TASK INPUT Block Start

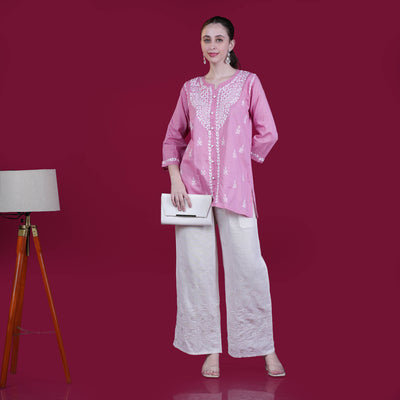 Pretty Pink Chikankari Cotton Short Kurta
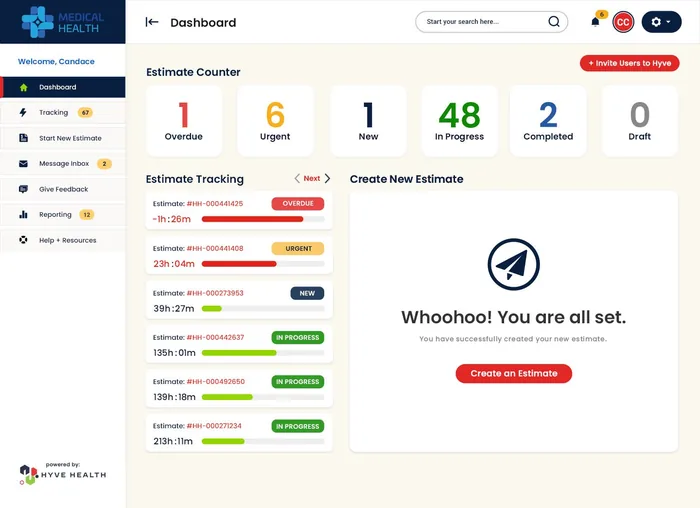 HyveHealth dashboard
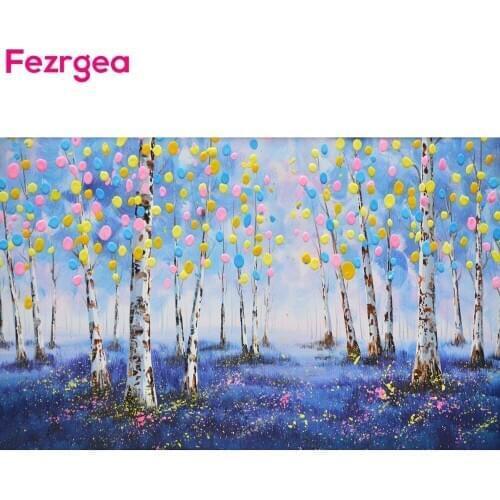 Fezrgea 5D Diamond painting Cartoon Scenery Tree Diamond Embroidery landscape Cross Stitch Full Square Rhinestones Home Decor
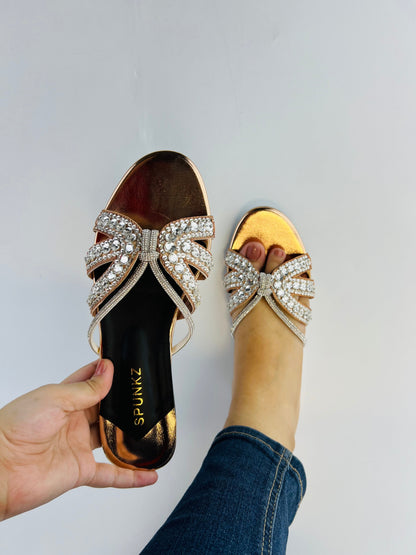 Natasha Strappy Rhinestones Slide Flats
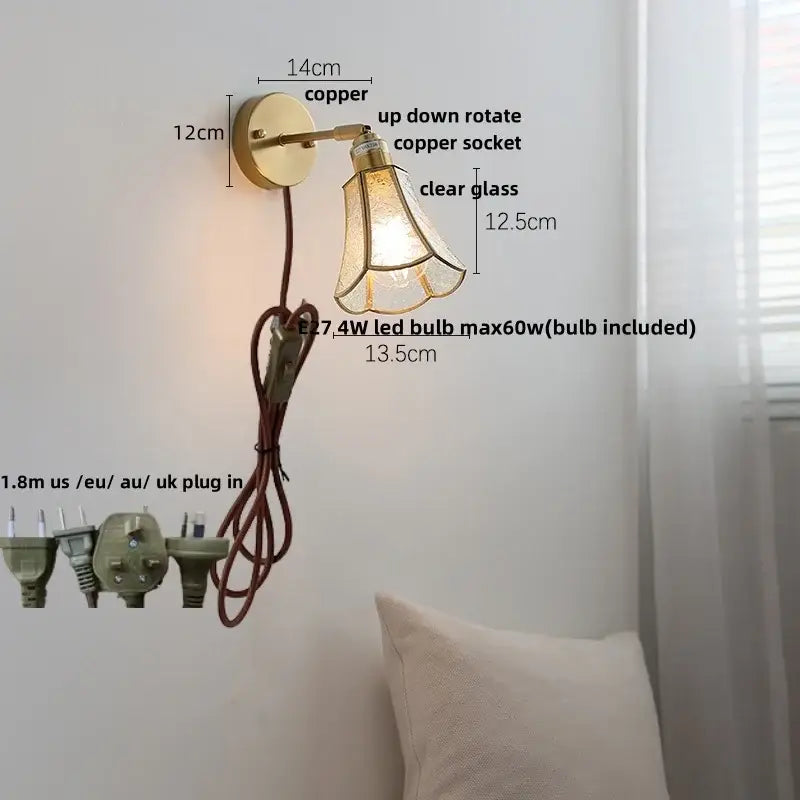 Modern gold fluted glass led wall sconce with copper finish and clear glass shade for bedroom decorbites led wall lighting
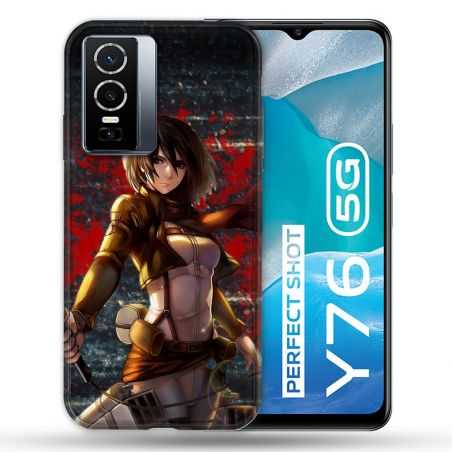 Coque Pour Vivo Y76 5G Manga Attaque Titans Mikasa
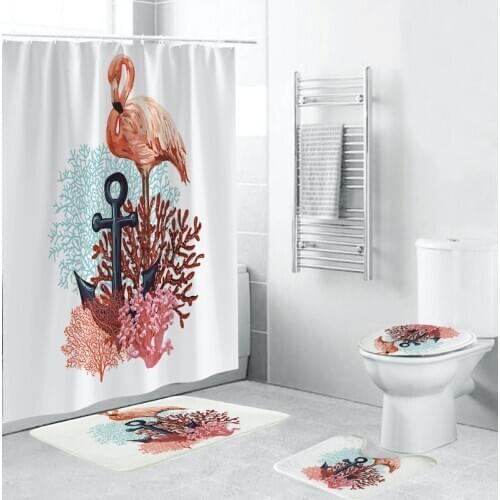 4 Flamingo Leaf Shower Curtain Seats Carpet Covers Toilet Seat MATS Bathtub MATS Are Set For Bathroom Decor
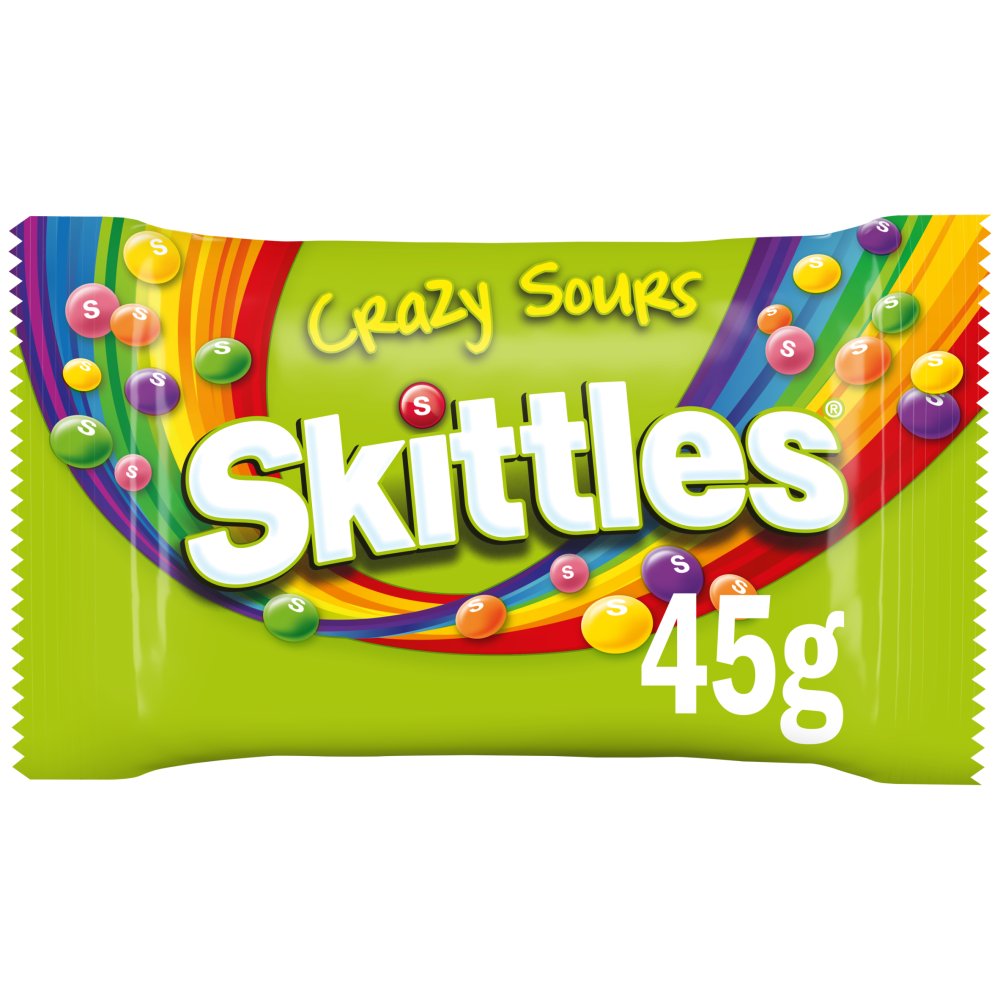 Skittles Vegan Chewy Crazy Sour Sweets Fruit Flavoured Bag 45g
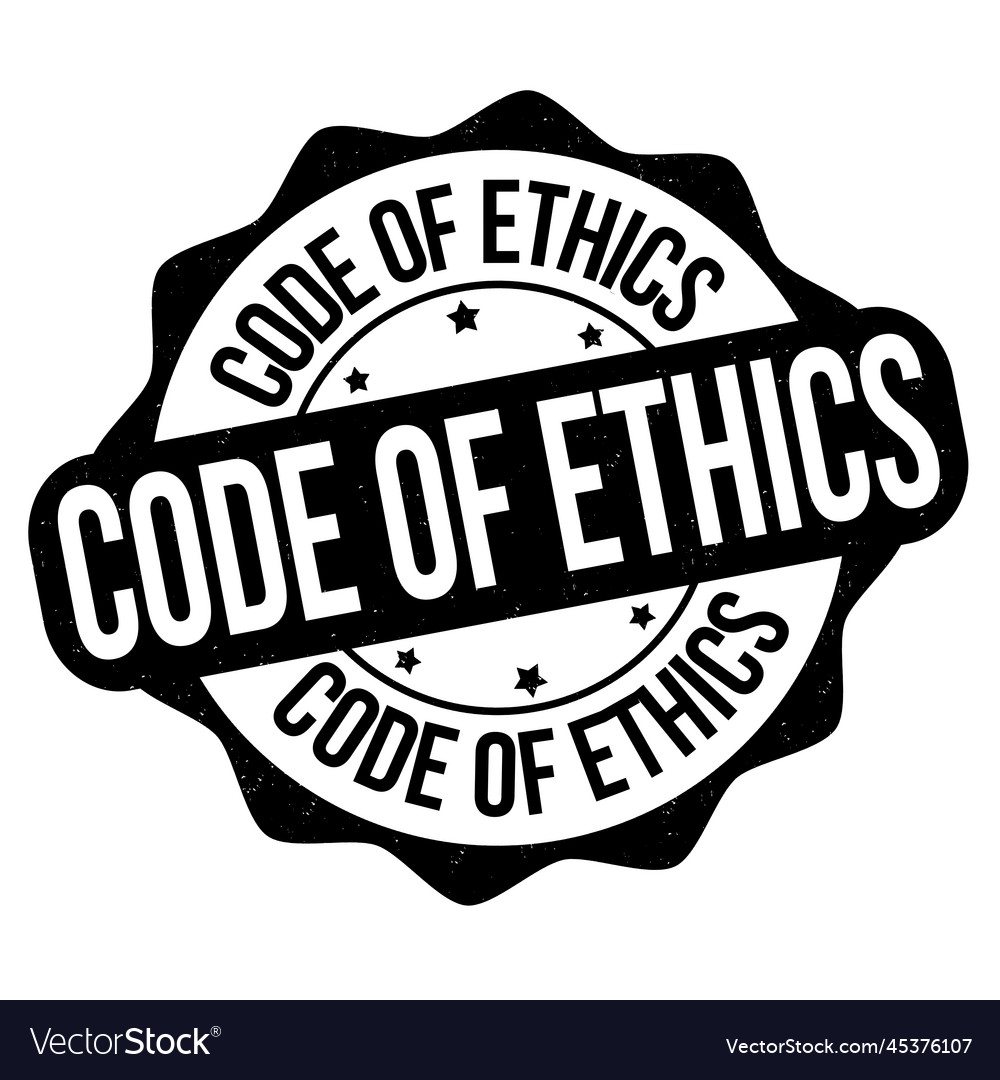 Code of ethics label or stamp Royalty Free Vector Image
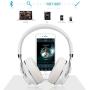 Bluetooth Headphones, Riwbox XBT-880 Wireless Bluetooth Headphones Over Ear with Microphone and Volume Control Wireless and Wired Foldable Headset for iPhone/iPad/PC/Cell Phones/TV (White&Blue)
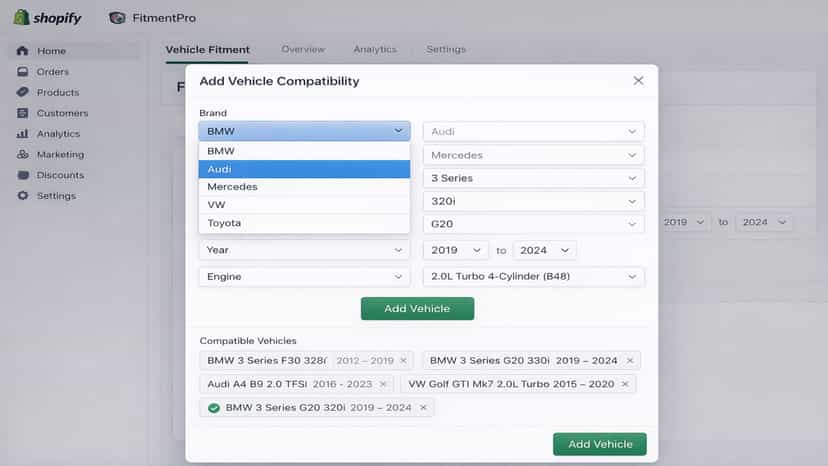 6-stage vehicle selector with brand, model, variant, platform, y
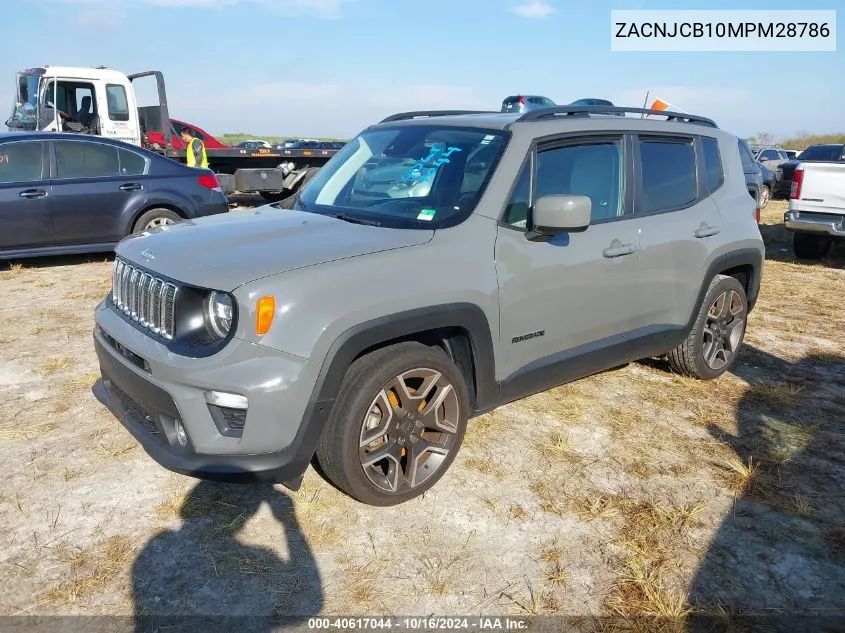 2021 Jeep Renegade Latitude Fwd VIN: ZACNJCB10MPM28786 Lot: 40617044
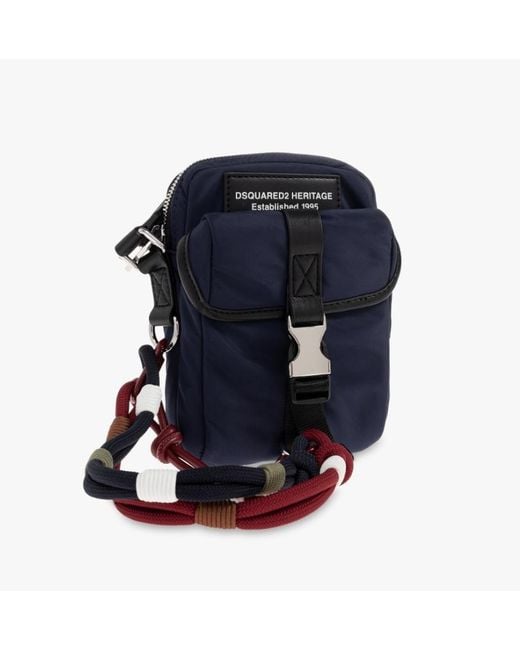 DSquared² Blue Heritage Buckle Shoulder Bag for men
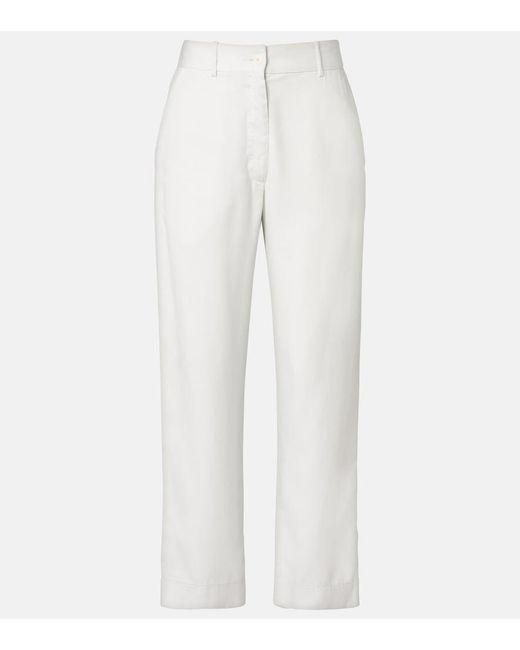 The Row White Igor Cotton Straight Pants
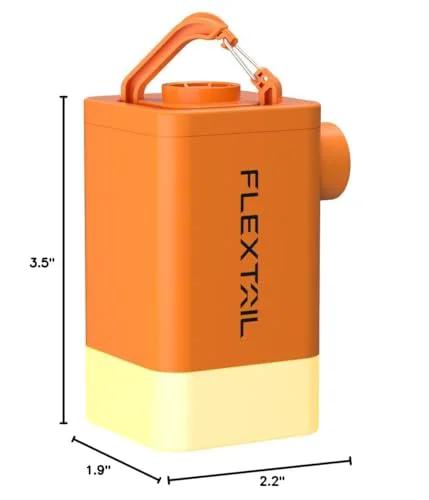 FLEXTAILGEAR orange portable air pump with handle for inflatables; compact inflator for air mats, rings and vacuum bags
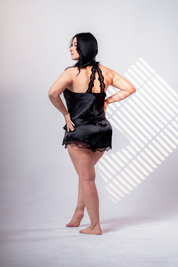 Set short Satin Noir
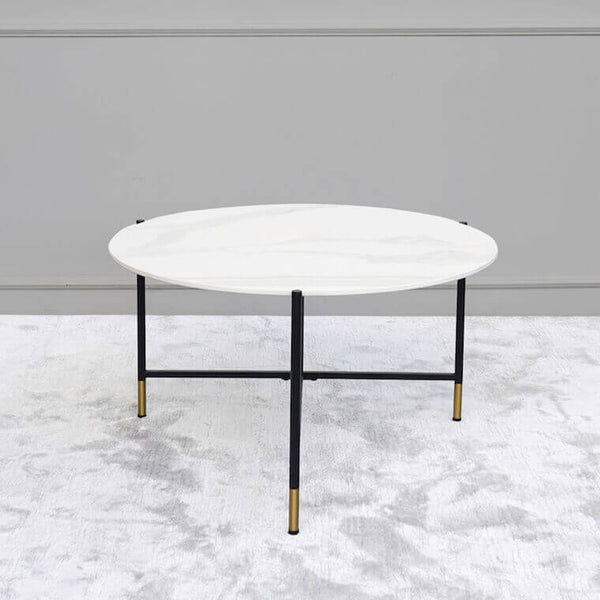 Faux white cultured marble, on the round large Rococo table.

TASK INPUT Block End

• **TASK DESCRIPTION**: An exact transcription of the data above is needed, without the pictures.

• **OUTPUT FOR THIS TASK**:
 Pretty Pink Chikankari Cotton Short Kurta
 HyveHealth dashboard
 Fezrgea 5D Diamond painting Cartoon Scenery Tree Diamond Embroidery landscape Cross Stitch Full Square Rhinestones Home Decor
 Natasha Strappy Rhinestones Slide Flats
 Modern gold fluted glass led wall sconce with copper finish and clear glass shade for bedroom decorbites led wall lighting
 Coque Pour Vivo Y76 5G Manga Attaque Titans Mikasa
 4 Flamingo Leaf Shower Curtain Seats Carpet Covers Toilet Seat MATS Bathtub MATS Are Set For Bathroom Decor
 Skittles Vegan Chewy Crazy Sour Sweets Fruit Flavoured Bag 45g
 Code of ethics label or stamp Royalty Free Vector Image
 Bluetooth Headphones, Riwbox XBT-880 Wireless Bluetooth Headphones Over Ear with Microphone and Volume Control Wireless and Wired Foldable Headset for iPhone/iPad/PC/Cell Phones/TV (White&Blue)
 6-stage vehicle selector with brand, model, variant, platform, y
 2021 Jeep Renegade Latitude Fwd VIN: ZACNJCB10MPM28786 Lot: 40617044
 DSquared² Blue Heritage Buckle Shoulder Bag for men
 The Row White Igor Cotton Straight Pants
 FLEXTAILGEAR orange portable air pump with handle for inflatables; compact inflator for air mats, rings and vacuum bags
 Set short Satin Noir
 Faux white cultured marble, on the round large Rococo table.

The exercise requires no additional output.